How to complete this task:
An exact copy of every entry is what's needed, so please transcribe them all.

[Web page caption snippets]
+ + + +

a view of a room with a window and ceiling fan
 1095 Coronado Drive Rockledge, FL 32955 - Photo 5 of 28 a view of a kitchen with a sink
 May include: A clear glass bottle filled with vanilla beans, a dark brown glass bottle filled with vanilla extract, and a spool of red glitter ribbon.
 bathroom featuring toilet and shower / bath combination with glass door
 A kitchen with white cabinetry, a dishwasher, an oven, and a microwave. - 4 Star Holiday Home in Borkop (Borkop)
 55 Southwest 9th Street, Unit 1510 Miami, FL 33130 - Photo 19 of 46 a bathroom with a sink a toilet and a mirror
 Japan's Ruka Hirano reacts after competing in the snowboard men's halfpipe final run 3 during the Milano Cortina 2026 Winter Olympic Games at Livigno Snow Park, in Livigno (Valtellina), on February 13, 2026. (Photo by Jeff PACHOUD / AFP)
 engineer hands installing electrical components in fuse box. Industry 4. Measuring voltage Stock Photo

+ + + +

Finished exercise:
a view of a room with a window and ceiling fan
 1095 Coronado Drive Rockledge, FL 32955 - Photo 5 of 28 a view of a kitchen with a sink
 May include: A clear glass bottle filled with vanilla beans, a dark brown glass bottle filled with vanilla extract, and a spool of red glitter ribbon.
 bathroom featuring toilet and shower / bath combination with glass door
 A kitchen with white cabinetry, a dishwasher, an oven, and a microwave. - 4 Star Holiday Home in Borkop (Borkop)
 55 Southwest 9th Street, Unit 1510 Miami, FL 33130 - Photo 19 of 46 a bathroom with a sink a toilet and a mirror
 Japan's Ruka Hirano reacts after competing in the snowboard men's halfpipe final run 3 during the Milano Cortina 2026 Winter Olympic Games at Livigno Snow Park, in Livigno (Valtellina), on February 13, 2026. (Photo by Jeff PACHOUD / AFP)
 engineer hands installing electrical components in fuse box. Industry 4. Measuring voltage Stock Photo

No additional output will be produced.